Derek Halpenny, European Head of GMR at MUFG, notes that the diversification of Japan’s Government Pension Investment Fund (GPIF) into foreign assets that was most pronounced in 2014 and 2015 reaped the reward of that in Q4 last year with the Trump effect on the markets lifting returns.

Key Quotes

“The GPIF recorded a 7.98% non-annualised return in Q4 with a JPY 10.5trn increase in income – the largest one-quarter return on record. The surge in global equity markets and the plunge in the value of the yen were the key factors in this. Of course diversification into foreign markets works both ways and the strength of the yen and equity market weakness resulted in a 3.88% loss in Q1 2016.”

“As a result of yen depreciation, GPIF allocations in foreign assets increased back towards the new targets set under Abenomics. Foreign bonds accounted for 13.4% of the fund, not far from the 15% target and well within the +/-4% range. Foreign stocks accounted for 23.2% of the fund, close to the 25% target and well within the +/- 8% range.

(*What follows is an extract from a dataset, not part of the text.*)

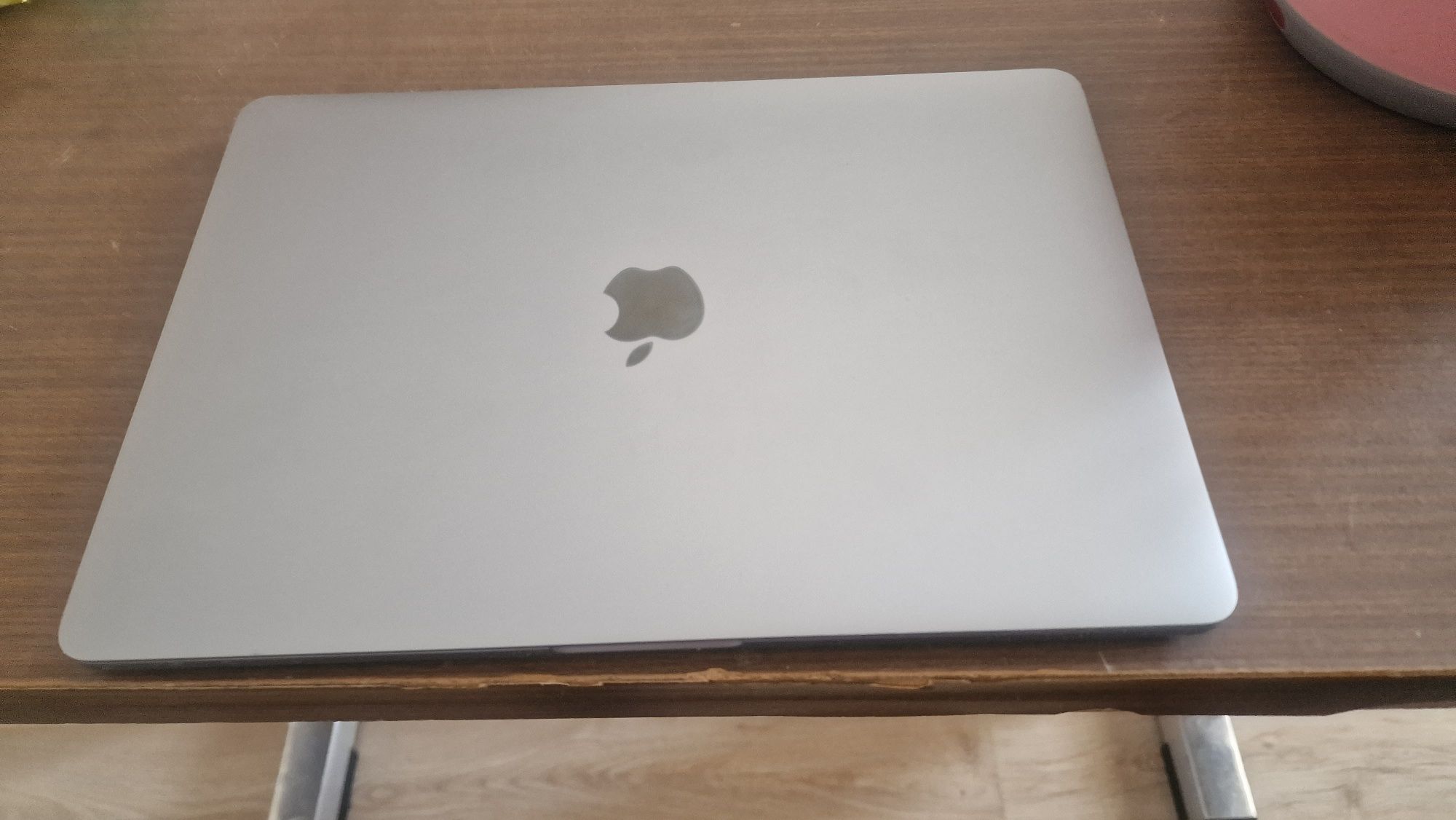 Macbook pro 13 2018г С тачбар в идеальном состоянии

Domestic bond holdings fell again, to 33.3%.”

“One factor we cite in terms of the changing dynamics in the yen market that makes it increasingly difficult for the yen to remain on a weakening trend is the change in this diversification flow. As seen in the chart, Japan Trust buying (used by GPIF) of foreign equities jumped significantly in 2014 and 2015 – an outflow that supported yen selling. However, that outflow has all but disappeared with GPIF targets met, taking away one source of yen selling that existed in 2014 and 2015.”